I guess the only concern I have is whether Bowden’s obsession with Soriano and the accompanying trade talk prevented him from making deals for Ortiz, Armas or Hernandez, but given how crappy they’ve been pitching, it’s unlikely the Nats would’ve received anything useful anyway. (And there’s a chance that Armas and Ortiz could return draft picks at the end of the season anyway).
And the balance of power in the American League remains, uh, largely unchanged. KC have sent Matt Stairs (above) to Texas in exchange for RHP Joselo Diaz.
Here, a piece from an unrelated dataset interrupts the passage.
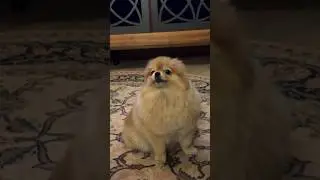 Вам интересно как я ее научил так ?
Texas has also acqured Kip Wells from the Pirates, sending reliever Jesse Chavez to Pittsburgh in return.
Boston’s hopes of snatching Tampa Bay’s Julio Lugo will have to wait until next spring, at least. The Dodgers picked up Lugo today, shipping Joel Guzman and Sergrio Pedroza to the Devil Rays in the process.
Dayton Moore’s house cleaning isn’t quite finished : the Royals have traded Jeremy Affeldt and Denny Bautista to the Rockies for Ryan Sheely.
From CBS Sportsline’s Scott Miller.
Right-hander Greg Maddux is leaving the Chicago Cubs after all: He’s headed to the Los Angeles Dodgers, who acquired him seconds before the trade deadline Monday for shortstop Cesar Izturis, CBS SportsLine.com has learned.
Maddux, who approved the deal because the Dodgers are a contender and because he owns homes in Dana Point, Calif., and Las Vegas, immediately will join the Los Angeles rotation. The move also reunites Maddux with Dodgers general manager Ned Colletti, who was an executive with the Cubs early in his career, during Maddux’s first tour with the Cubs.
Undaunted by the knowledge an association with Todd Walker can result in a massive warehouse fire, the San Diego Padres have traded for the not-so-slick infielder, sending RHP Jose Ceda to the Cubs.
If you’ve ordered an Oliver Perez Mets jersey from MLB.com, well, too fucking bad. The Mets have flipped Perez and Heath Bell to the Padres in exchange for Scott Linebrink.